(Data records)
BEGIN

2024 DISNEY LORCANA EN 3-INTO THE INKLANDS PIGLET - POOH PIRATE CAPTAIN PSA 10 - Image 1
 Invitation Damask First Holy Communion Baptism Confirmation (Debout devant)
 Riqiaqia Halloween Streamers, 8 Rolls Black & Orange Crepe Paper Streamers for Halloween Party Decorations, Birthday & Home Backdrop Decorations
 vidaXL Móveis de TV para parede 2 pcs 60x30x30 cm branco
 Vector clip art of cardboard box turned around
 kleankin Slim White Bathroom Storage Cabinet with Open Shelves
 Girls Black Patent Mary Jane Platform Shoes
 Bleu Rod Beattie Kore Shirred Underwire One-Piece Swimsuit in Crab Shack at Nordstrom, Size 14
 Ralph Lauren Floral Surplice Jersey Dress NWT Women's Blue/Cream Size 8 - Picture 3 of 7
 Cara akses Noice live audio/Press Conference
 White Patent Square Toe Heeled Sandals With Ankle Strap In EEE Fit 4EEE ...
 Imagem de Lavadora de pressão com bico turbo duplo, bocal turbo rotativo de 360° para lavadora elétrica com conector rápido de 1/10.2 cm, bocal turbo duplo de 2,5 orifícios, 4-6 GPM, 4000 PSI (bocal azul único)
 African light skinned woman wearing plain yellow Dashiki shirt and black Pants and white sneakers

END

▶ **ACTIVITY**
Once more, write out the records exactly as they are.

▶ **WORKED SOLUTION**
2024 DISNEY LORCANA EN 3-INTO THE INKLANDS PIGLET - POOH PIRATE CAPTAIN PSA 10 - Image 1
 Invitation Damask First Holy Communion Baptism Confirmation (Debout devant)
 Riqiaqia Halloween Streamers, 8 Rolls Black & Orange Crepe Paper Streamers for Halloween Party Decorations, Birthday & Home Backdrop Decorations
 vidaXL Móveis de TV para parede 2 pcs 60x30x30 cm branco
 Vector clip art of cardboard box turned around
 kleankin Slim White Bathroom Storage Cabinet with Open Shelves
 Girls Black Patent Mary Jane Platform Shoes
 Bleu Rod Beattie Kore Shirred Underwire One-Piece Swimsuit in Crab Shack at Nordstrom, Size 14
 Ralph Lauren Floral Surplice Jersey Dress NWT Women's Blue/Cream Size 8 - Picture 3 of 7
 Cara akses Noice live audio/Press Conference
 White Patent Square Toe Heeled Sandals With Ankle Strap In EEE Fit 4EEE ...
 Imagem de Lavadora de pressão com bico turbo duplo, bocal turbo rotativo de 360° para lavadora elétrica com conector rápido de 1/10.2 cm, bocal turbo duplo de 2,5 orifícios, 4-6 GPM, 4000 PSI (bocal azul único)
 African light skinned woman wearing plain yellow Dashiki shirt and black Pants and white sneakers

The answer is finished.